▸ **ACTIVITY**:
Output only the lines below from the one containing "Hand Holding 3D Glasses on White Background" to the one containing "Industrial L-Shaped Desk, 200", exactly as written, both ends kept.

▸ **DATA EXTRACT**:
--- START ---

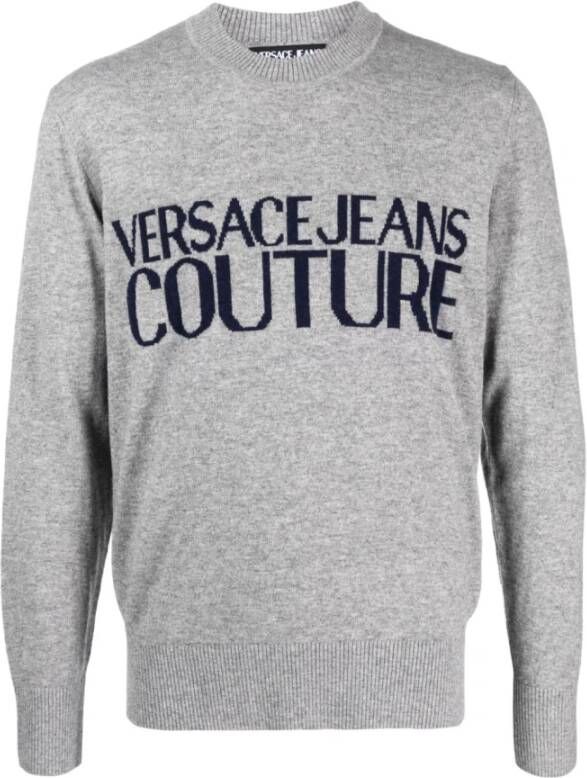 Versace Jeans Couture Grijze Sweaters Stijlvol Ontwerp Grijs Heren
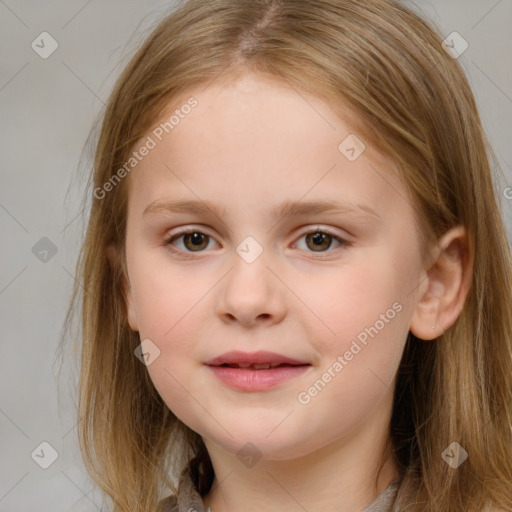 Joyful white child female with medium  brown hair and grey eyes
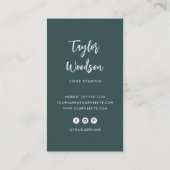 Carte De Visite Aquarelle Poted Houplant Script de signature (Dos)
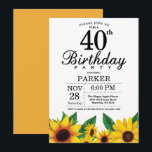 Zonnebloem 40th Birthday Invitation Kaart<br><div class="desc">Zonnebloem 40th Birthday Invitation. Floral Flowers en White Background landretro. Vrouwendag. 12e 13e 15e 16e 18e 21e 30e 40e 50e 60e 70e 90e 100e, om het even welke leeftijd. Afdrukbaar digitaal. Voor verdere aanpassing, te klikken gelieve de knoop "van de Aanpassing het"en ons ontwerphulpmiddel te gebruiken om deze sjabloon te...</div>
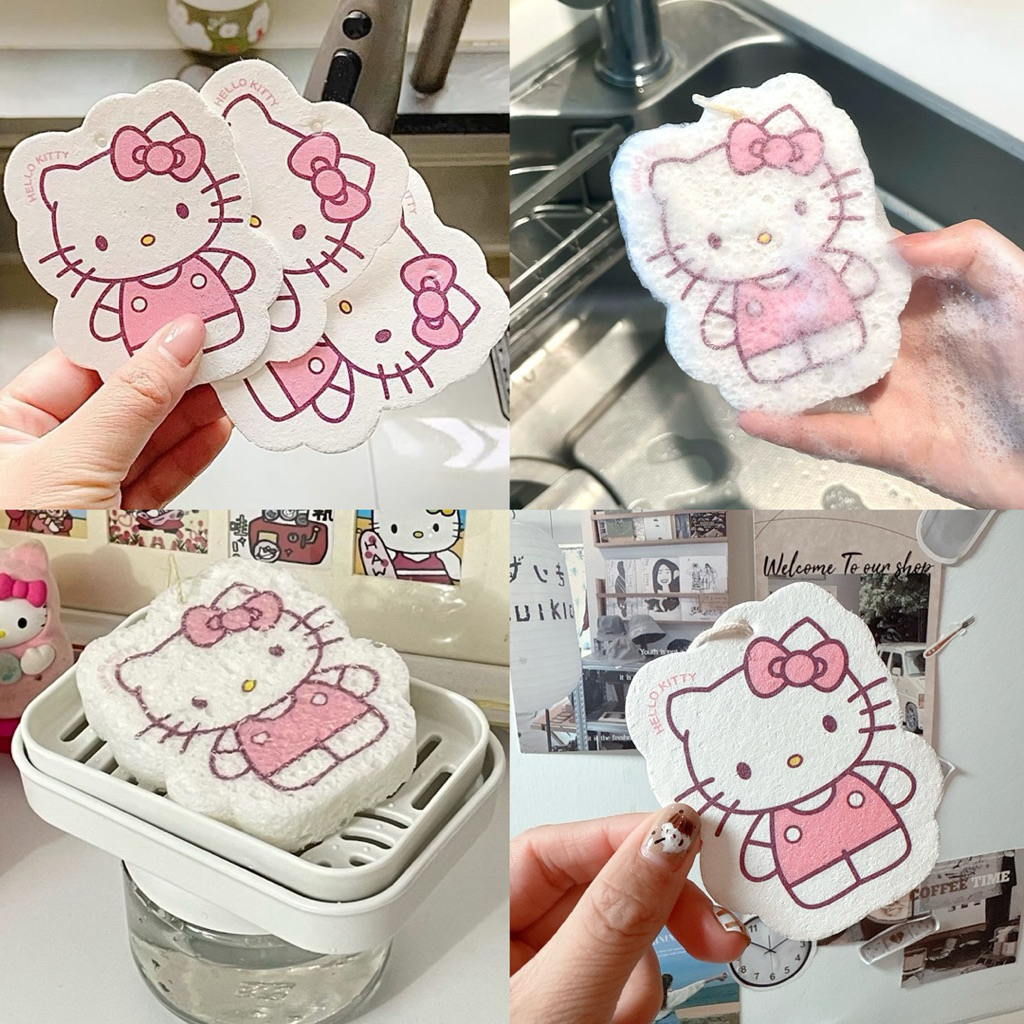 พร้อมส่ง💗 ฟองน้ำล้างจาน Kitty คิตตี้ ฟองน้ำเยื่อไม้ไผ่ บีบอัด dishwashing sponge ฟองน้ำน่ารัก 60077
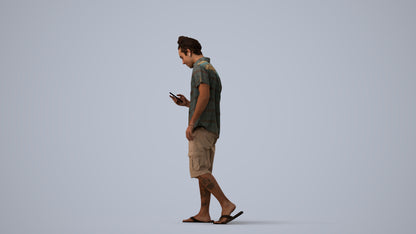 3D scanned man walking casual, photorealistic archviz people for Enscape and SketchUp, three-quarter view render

--- END ---
--- START ---

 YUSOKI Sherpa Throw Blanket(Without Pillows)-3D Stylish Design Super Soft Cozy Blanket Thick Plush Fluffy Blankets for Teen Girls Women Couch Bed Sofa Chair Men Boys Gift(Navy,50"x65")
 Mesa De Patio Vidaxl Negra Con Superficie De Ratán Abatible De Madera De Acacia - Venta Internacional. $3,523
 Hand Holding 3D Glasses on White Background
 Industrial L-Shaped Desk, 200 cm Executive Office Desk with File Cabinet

--- END ---

▸ **RESPONSE**:
 Hand Holding 3D Glasses on White Background
 Industrial L-Shaped Desk, 200 cm Executive Office Desk with File Cabinet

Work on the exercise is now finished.